If sampling pickles stimulates your appetite, there were also food vendors who took advantage of the situation to make some brisk sales. Here, sausages and--what else?--sauerkraut.
Like I said, you can find just about everything pickled at the Pickle Day festival. Among the more unusual items, we tasted pickled pears and pickled garlic scapes.
Maybe you are wondering how I came to be here? Turns out the organizers had been monitoring my many recent posts on pickle making and sent me an invitation. We turned it into a road trip. Who knew that New Yorkers were so crazy for pickles?
6 comments:
Wow! That looks like great fun! Should we be looking for pickled melon recipes on your blog soon? I'll be sure to mark this on my calendar for next year...

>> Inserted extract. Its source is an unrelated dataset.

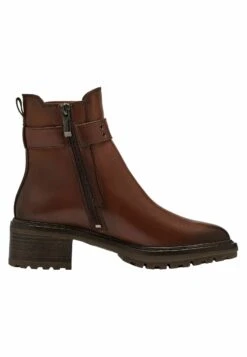 Tamaris Boots À Talons - Cognac -Tamaris Soldes Magasin c01b5552f97c46f09a668799092cb287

Are ya kiddin' me? There are two things I miss about NYC: Bialys and the bucket of pickles at burger joints and delis. My grandmother would take us to Bubba's on 8th street where I'd order a salami on rye and a birch beer. While I waited for my 3" thick sandwich, I'd eat most of the bucket of pickles, skipping the pickled tomatoes. Gods, I'm drooling just thinking about it! The closest I've come is Bubbie's Pickles. And, sadly, no one south of Newark knows what a byali is.
If it weren't for the photographs, Ed ... I think I would have thought you were making it up ;)
One thing I've found so interesting about your pickle posts is how different the American tradition is from ours. I'm tempted - but it'll have to be next year, because I'll have to grow those little cornichons, as you can't buy them round here.
Chutney - now THERE'S a thing ;)
Joanna
Ed; What a very cool opportunity for you and your family! Blogging has its rewards!
I am hoping to go next year since I was too busy finishing my pickling last weekend to go to NYC and I will actually be up there this weekend.
Julia, I am definitely on the make for a pickled canteloupe recipe. Meanwhile, I hope to be pickling watermelon rind before the season ends.
Mosby, I have to admit I didn't know what a bialys was and that got my wife howling. She started a quick research project and now I know. (Sorry, I grew up in the wilderness outside Chicago.)
Joanna, one of our favorite things in the world--next to sweet pickled green tomatoes--is our green tomato and apple chutney. And we made a fresh tomato chutney over the weekend to go with our curried fish. But do tell: how is your pickling method different?
Pattie, I'm sure the reason we ever found out about the pickle festival is that the organizers have established a Google alert for us pickle bloggers. Technology is grand, and to think John McCain invented it. Or was that Al Gore?
Nicole, I urge you to go. It was great fun, then you can away a couple of blocks and have lunch in Chinatown.